It's a lot of expensive freshwater per ship (that needs to be pumped up from the ocean AND desalinated) that's going to be flushed right back into the ocean. It's probably cheaper to go around South America at this point.
 
It's a lot of expensive freshwater per ship (that needs to be pumped up from the ocean AND desalinated) that's going to be flushed right back into the ocean. It's probably cheaper to go around South America at this point.
Or just pump straight seawater and accept that the whole system is going to be a bit brackish for a while.

Not a terrible use for wind power.
 
Why does it use fresh water for the canal in the first place? I asked Google this question and they said it was "in order to separate the salt water and flora and fauna of the two oceans."

But I don't think people cared that much about ecology when the canal was built (because if they had it probably wouldn't have been built at all). So what's the logic originally used? The building and logistics of the canal is something I've never studied and I admit until literally the last 10 minutes reading this I didn't know salt water wasn't allowed in.
 
  • Agree
Reactions: XYZpdq Jr.
Don't go looking for a bailout from the US.. That's your problem now.. You wanted it "back" and thanks to one of our worst administrations in modern history, you got it... Let China pay.

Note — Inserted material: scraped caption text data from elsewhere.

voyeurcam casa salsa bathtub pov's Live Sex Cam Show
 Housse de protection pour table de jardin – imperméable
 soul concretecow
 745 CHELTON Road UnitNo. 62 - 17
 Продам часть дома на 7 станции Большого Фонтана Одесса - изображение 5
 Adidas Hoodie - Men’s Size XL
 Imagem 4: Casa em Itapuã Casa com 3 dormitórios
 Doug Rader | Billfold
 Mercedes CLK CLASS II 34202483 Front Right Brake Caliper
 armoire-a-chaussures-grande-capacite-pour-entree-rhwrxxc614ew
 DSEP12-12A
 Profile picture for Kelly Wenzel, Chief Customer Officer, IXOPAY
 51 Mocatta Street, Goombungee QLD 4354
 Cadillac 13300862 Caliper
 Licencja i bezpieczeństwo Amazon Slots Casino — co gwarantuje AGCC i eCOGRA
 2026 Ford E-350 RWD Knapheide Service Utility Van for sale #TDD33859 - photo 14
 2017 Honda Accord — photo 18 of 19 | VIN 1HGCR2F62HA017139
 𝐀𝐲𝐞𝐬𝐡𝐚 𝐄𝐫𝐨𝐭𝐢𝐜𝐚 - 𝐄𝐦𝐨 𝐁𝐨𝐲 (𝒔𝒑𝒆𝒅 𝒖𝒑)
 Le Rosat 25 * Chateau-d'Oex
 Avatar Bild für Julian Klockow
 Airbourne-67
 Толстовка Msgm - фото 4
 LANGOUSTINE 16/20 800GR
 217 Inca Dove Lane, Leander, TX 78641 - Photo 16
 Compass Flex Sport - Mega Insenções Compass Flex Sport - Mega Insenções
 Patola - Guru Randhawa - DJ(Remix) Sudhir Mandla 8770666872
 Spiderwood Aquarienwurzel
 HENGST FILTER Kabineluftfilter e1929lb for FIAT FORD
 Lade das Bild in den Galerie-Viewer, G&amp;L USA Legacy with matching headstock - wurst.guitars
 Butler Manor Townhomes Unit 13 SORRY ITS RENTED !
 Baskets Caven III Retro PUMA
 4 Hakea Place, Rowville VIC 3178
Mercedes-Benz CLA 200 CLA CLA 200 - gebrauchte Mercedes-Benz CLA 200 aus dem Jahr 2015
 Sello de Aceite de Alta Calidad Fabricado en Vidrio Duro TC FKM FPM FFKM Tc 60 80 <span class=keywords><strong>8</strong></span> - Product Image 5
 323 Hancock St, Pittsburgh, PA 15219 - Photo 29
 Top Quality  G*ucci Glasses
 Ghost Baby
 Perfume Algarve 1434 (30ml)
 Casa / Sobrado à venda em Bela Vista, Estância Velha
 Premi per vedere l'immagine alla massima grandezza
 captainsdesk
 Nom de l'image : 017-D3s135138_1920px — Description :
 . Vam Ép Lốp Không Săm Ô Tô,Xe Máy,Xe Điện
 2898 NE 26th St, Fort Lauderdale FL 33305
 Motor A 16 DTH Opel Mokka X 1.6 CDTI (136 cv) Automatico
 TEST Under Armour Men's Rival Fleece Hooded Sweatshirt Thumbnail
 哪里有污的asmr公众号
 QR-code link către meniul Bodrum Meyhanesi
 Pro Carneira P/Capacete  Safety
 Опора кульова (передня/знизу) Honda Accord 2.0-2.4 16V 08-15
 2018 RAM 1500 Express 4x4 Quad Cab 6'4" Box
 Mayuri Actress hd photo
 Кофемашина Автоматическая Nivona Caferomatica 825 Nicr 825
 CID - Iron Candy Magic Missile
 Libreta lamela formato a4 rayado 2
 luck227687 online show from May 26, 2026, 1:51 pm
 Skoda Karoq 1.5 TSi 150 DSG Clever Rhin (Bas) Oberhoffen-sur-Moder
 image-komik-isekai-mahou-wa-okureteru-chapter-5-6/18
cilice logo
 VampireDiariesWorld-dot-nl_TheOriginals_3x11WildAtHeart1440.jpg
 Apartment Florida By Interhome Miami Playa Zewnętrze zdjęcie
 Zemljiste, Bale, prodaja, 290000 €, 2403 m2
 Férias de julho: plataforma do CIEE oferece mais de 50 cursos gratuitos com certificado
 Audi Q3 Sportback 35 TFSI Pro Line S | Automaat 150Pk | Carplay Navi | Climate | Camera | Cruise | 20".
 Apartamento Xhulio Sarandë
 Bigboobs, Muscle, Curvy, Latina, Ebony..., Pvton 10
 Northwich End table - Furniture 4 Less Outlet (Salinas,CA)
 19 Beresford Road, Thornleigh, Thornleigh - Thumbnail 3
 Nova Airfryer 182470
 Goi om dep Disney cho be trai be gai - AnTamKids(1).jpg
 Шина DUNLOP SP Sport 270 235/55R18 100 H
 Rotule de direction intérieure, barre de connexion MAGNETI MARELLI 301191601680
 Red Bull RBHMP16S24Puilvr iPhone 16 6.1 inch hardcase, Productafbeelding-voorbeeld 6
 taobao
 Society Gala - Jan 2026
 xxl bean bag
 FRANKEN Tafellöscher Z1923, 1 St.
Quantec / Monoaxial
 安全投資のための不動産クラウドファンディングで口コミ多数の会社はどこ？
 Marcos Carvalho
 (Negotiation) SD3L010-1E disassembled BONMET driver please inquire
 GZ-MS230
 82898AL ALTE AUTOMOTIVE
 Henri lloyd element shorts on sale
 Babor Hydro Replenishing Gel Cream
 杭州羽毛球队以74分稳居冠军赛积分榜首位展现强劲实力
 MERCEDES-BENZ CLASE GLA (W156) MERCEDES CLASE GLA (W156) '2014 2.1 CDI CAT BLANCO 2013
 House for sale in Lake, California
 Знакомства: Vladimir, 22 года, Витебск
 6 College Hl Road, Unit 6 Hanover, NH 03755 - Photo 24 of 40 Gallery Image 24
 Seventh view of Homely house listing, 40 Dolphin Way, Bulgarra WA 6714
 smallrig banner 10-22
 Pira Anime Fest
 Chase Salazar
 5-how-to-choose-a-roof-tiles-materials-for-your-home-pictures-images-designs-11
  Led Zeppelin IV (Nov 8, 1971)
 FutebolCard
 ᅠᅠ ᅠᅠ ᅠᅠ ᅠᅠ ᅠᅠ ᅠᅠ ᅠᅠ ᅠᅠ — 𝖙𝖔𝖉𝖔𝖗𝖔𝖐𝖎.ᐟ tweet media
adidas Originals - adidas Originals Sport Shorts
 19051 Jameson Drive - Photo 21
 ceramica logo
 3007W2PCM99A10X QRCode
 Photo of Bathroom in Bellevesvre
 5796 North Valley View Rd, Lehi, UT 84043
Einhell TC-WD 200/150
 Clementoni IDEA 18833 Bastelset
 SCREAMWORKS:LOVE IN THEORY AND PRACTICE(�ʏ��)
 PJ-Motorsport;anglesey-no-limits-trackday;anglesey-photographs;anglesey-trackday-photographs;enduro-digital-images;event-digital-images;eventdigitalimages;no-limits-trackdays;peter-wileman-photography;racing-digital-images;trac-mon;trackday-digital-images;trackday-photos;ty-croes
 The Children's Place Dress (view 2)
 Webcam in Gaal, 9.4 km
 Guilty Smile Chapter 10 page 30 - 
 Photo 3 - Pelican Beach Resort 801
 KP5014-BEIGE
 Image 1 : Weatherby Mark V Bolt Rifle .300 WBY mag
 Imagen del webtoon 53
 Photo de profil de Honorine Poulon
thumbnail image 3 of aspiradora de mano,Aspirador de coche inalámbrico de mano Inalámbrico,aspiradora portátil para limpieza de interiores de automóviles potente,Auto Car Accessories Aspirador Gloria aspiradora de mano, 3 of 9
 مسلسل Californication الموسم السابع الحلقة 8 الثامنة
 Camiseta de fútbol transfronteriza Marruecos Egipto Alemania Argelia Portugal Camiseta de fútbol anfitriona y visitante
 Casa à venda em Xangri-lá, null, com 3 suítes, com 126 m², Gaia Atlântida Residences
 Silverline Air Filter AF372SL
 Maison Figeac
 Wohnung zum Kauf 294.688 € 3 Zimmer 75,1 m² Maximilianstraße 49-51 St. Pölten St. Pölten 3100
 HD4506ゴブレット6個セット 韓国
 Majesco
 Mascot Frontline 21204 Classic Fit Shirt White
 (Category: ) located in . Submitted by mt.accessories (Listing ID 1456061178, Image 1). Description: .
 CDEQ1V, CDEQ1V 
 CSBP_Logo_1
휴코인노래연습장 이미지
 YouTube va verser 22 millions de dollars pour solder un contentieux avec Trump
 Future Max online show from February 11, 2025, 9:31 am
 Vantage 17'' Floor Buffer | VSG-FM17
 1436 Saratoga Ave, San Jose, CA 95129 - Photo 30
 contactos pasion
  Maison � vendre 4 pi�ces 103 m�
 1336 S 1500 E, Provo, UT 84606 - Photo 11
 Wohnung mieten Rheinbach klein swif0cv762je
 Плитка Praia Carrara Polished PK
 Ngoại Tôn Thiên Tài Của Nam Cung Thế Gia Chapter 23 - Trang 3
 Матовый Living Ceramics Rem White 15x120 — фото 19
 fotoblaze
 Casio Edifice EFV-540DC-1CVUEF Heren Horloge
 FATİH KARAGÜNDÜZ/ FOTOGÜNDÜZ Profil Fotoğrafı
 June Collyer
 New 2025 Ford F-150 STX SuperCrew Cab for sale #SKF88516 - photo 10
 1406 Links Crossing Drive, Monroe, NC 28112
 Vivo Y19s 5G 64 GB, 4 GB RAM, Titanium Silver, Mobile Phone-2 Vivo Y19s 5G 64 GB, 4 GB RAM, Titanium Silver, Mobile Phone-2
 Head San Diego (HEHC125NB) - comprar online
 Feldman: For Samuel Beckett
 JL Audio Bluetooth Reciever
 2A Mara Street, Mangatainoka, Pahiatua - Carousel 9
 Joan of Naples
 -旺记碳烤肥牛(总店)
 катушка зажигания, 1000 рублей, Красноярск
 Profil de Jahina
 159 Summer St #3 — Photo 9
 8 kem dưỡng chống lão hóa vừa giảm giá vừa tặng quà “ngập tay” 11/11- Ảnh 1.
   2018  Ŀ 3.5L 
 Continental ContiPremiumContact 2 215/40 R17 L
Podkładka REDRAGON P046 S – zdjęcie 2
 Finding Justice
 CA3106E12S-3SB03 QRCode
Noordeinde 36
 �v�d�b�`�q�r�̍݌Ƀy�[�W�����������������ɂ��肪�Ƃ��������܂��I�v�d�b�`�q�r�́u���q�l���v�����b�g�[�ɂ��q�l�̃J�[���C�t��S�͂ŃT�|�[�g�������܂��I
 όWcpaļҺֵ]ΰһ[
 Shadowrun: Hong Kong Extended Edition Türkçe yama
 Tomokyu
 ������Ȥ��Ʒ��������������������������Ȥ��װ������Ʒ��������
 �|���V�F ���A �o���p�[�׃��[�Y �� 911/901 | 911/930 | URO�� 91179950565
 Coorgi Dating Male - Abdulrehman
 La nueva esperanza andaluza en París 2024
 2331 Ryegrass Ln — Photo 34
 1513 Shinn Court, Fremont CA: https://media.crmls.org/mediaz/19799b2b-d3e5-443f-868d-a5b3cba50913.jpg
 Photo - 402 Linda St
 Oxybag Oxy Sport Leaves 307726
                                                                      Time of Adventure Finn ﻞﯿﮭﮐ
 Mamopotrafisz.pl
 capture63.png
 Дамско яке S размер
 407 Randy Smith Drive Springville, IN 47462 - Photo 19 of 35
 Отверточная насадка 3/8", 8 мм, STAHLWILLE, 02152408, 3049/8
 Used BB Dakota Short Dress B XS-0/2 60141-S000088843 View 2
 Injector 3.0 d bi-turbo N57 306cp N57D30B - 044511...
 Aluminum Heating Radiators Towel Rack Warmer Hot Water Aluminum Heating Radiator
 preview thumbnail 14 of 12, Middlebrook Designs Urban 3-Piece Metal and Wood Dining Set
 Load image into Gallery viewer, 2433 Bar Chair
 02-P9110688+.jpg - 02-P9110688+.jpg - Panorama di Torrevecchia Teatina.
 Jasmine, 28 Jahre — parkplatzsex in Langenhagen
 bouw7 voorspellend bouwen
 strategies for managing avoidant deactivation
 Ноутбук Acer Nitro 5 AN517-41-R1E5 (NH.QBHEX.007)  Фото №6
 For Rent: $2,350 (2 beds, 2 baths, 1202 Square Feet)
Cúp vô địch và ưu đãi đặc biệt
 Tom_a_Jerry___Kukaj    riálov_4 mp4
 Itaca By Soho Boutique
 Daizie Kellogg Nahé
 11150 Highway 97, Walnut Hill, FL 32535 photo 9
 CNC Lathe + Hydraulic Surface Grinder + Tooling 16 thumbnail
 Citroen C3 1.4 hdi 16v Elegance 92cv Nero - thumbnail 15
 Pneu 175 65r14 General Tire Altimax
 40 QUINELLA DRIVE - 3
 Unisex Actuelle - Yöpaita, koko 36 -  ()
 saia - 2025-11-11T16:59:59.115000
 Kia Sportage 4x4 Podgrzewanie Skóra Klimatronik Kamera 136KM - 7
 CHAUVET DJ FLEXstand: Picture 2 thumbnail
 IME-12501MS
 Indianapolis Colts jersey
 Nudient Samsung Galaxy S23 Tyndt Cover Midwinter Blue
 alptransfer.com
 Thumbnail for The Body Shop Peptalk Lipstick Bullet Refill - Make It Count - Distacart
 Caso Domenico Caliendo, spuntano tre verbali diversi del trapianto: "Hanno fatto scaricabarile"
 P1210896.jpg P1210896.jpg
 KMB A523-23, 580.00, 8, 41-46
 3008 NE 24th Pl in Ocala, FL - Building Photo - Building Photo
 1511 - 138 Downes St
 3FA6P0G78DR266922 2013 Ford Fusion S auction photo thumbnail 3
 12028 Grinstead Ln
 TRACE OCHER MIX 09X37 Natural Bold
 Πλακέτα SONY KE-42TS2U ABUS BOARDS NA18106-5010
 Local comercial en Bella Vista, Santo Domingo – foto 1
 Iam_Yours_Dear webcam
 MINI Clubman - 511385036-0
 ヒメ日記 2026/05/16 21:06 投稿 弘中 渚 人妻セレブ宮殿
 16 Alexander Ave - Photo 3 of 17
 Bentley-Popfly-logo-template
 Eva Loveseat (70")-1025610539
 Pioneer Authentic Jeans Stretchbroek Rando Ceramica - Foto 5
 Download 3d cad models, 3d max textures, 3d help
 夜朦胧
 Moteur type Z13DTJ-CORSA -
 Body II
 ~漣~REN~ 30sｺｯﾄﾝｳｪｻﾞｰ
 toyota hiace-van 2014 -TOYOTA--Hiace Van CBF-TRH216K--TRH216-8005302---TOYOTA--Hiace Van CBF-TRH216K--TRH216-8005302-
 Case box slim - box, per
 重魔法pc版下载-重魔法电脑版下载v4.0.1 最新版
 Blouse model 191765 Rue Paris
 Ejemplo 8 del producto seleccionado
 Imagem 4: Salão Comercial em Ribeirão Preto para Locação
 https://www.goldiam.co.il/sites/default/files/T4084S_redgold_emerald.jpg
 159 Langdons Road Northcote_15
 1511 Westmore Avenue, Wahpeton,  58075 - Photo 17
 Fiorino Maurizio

I'd say it's time humanity started getting off it's ass. We always hear about water problems but nobody cares to start fixing the problem and building desalination plants.
 
Stop saying "climate change" when you really mean "human overuse"

When 1,000,000 people move out to the desert and all demand lawns, pools, daily car washes and golf courses, and Lake Meade dries up as a result? That's not a climate issue.....

Globalism's effect on shipping has been a net negative due to the incredible resource use those container ships eat up.

Forcing me to buy a new, "cleaner" car every 8 years, whether I can afford it or not? Is not a solution, either.